__WHAT TO WORK ON__
When you write out the records, keep every line exactly as it is.

-------- DATA SUPPLIED

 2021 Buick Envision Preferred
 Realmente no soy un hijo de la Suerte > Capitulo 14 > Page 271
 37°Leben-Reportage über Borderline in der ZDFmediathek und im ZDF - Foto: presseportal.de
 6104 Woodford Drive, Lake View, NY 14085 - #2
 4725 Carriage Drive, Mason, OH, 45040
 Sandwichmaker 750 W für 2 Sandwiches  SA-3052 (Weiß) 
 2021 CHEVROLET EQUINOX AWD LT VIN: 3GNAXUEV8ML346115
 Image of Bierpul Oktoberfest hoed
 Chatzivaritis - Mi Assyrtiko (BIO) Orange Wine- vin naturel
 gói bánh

----------------

__WRITTEN SOLUTION__
 2021 Buick Envision Preferred
 Realmente no soy un hijo de la Suerte > Capitulo 14 > Page 271
 37°Leben-Reportage über Borderline in der ZDFmediathek und im ZDF - Foto: presseportal.de
 6104 Woodford Drive, Lake View, NY 14085 - #2
 4725 Carriage Drive, Mason, OH, 45040
 Sandwichmaker 750 W für 2 Sandwiches  SA-3052 (Weiß) 
 2021 CHEVROLET EQUINOX AWD LT VIN: 3GNAXUEV8ML346115
 Image of Bierpul Oktoberfest hoed
 Chatzivaritis - Mi Assyrtiko (BIO) Orange Wine- vin naturel
 gói bánh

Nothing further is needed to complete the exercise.